Obama's Budget Proposal Maintains Maximum Pell Grant
President Obama’s fiscal year 2012 budget proposes two changes to federal student aid programs that would sustain the Pell Grant program and maintain its $5,550 maximum award. According to Mike Rotundo (Financial Aid), about 3,700 NMU students rely on Pell Grants.
“For Northern, the most important piece of Obama’s proposal is keeping the maximum Pell award at $5,550 so that our neediest students don’t see their funding impacted,” said Rotundo. “It’s important to maintain that level for some students to have access to higher education.”
Rotundo received an overview of the major provisions of the president’s request from the National Association of Student Financial Aid Administrators (NASFAA). The Obama administration projects a $20 billion shortfall for the Pell Grant program for academic year 2012-13. The cost has gone up significantly in recent years because of increased enrollment, greater financial need, broadened eligibility standards, higher awards and the introduction of second Pell Grants in a single award year.
The NASFAA report said if the administration took no action to address the shortfall, the maximum grant could be reduced to $3,240. One change being proposed to sustain the program is to eliminate second Pell Grants in a single award year, ending what’s commonly known as the “year-round Pell.”
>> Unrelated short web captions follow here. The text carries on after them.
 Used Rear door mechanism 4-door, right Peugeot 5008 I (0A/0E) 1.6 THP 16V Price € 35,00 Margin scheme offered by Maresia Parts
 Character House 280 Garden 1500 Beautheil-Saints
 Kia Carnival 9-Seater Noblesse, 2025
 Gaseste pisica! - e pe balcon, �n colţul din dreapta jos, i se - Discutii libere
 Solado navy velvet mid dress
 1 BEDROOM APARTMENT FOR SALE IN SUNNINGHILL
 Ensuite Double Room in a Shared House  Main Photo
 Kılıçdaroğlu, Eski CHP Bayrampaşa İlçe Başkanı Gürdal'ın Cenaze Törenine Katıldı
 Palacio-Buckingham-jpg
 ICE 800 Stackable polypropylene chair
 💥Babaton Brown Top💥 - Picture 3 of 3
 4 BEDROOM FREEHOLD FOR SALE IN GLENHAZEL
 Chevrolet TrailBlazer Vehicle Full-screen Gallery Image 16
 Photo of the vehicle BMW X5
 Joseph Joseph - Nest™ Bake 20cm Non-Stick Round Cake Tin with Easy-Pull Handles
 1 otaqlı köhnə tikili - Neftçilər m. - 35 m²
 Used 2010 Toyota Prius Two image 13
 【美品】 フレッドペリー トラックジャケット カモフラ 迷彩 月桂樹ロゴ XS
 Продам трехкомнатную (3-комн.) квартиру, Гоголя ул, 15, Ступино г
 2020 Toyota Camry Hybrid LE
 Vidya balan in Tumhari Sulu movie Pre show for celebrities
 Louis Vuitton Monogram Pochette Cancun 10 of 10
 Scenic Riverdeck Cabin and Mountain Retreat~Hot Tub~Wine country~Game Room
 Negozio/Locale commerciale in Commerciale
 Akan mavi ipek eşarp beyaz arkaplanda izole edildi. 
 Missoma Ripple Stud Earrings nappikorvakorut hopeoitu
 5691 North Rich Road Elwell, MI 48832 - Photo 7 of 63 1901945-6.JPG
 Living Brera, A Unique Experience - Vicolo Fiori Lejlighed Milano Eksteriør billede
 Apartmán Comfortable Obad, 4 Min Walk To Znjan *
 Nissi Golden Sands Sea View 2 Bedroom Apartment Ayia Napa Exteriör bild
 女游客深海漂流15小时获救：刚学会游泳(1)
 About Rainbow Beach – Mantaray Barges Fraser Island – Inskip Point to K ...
Rotundo said the Higher Education Opportunity Act previously established the year-round Pell and NMU was set to implement it this summer. But if the budget proposal goes through, a second grant will not be available to students this summer unless they have not yet reached their annual limit—perhaps because they attended part-time for a portion of the academic year or did not enroll until the winter semester.
A second change being proposed to maintain the maximum Pell award is to eliminate the Stafford loan subsidy for graduate students. Rather than paying no interest on direct loans while in school, graduate students would pay the 6.8 percent interest traditionally incurred by borrowers. A proposal to restructure the Perkins Loan program, similar to last year’s, would also eliminate interest subsidies and increase the interest rate to 6.8 percent. Loan funds would increase from $1 billion to $8.5 billion a year to provide loans to an estimated 3 million students and the repayments would be used to fund Pell Grants.
Another provision intends to cut down on improper Pell awards through enhanced IRS data transfer and verification.
“They’re looking to simplify the FAFSA (Free Application for Federal Student Aid) by having a direct transfer of financial information from the IRS,” said Rotundo. “Sometimes people get confused and make mistakes in transferring data from their tax returns to the FAFSA. This would pull IRS information directly to the appropriate fields of the FAFSA. They’re working to simplify the process and have more accurate data so they’re paying the right people.
“Obviously the president’s proposal is the first stage of the budget process. We have a long way to go and some things could change.”